On the other hand, the decuplet doesn't have any degeneracies of this sort. The 10 components are organized into rows $1+2+3+4$ and there is no doubling anywhere. The component with the $uds$ quark content is just called $\Sigma^{*0}$. It could perhaps be called $\Lambda^*$ as well – because it's really neither. But it's mathematically guaranteed that there is only one component of the decuplet with the $uds$ quark content. It's guaranteed by group theory, by the decomposition of representation of $SU(3)$ under the $U(1)^2$ subgroup (the weights of the representations).
One may imagine what the representations look like in terms of tensors. The 8-dimensional representation is the adjoint with $3^2-1$ components. It's like the tensor $T_{a\bar b}$ except that we have three quarks, not one quark and one antiquark.
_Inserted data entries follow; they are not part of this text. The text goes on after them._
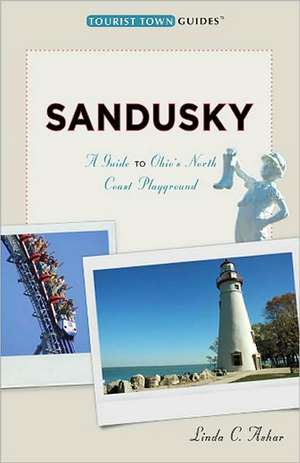 Sandusky: A Guide to Ohio's North Coast Playground de Linda C. Ashar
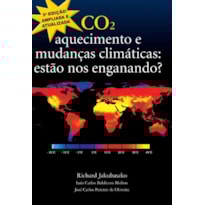 Co2. aquecimento e mudanças climáticas. estão nos enganando?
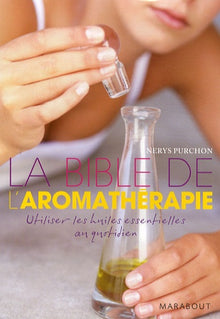 La bible de l'aromathérapie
Even with three quarks, it's possible, we may replace the antiindex $\bar b$ by an antisymmetric $cd$ pair. So this representation is a tensor $T_{acd}$ which is $cd$-antisymmetric but whose $acd$-antisymmetrization (that's the trace) vanishes.
On the other hand, the decuplet is a symmetric tensor $T_{acd}$. You can see that the symmetric tensor admits all combinations of $u,d,s$, and when you specify how many $u$, how many $d$, how many $s$, the component is determined by the symmetry of the tensor. The three corners $uuu,ddd,sss$ are allowed.
On the other hand, in the mixed symmetry tensor, $uuu,ddd,sss$ are forbidden due to the antisymmetry in the $cd$ indices. On the other hand, there are two independent components $T_{uds}$ and $T_{dsu}$. The remaining four permutations are determined by the vanishing trace and the $cd$ antisymmetry.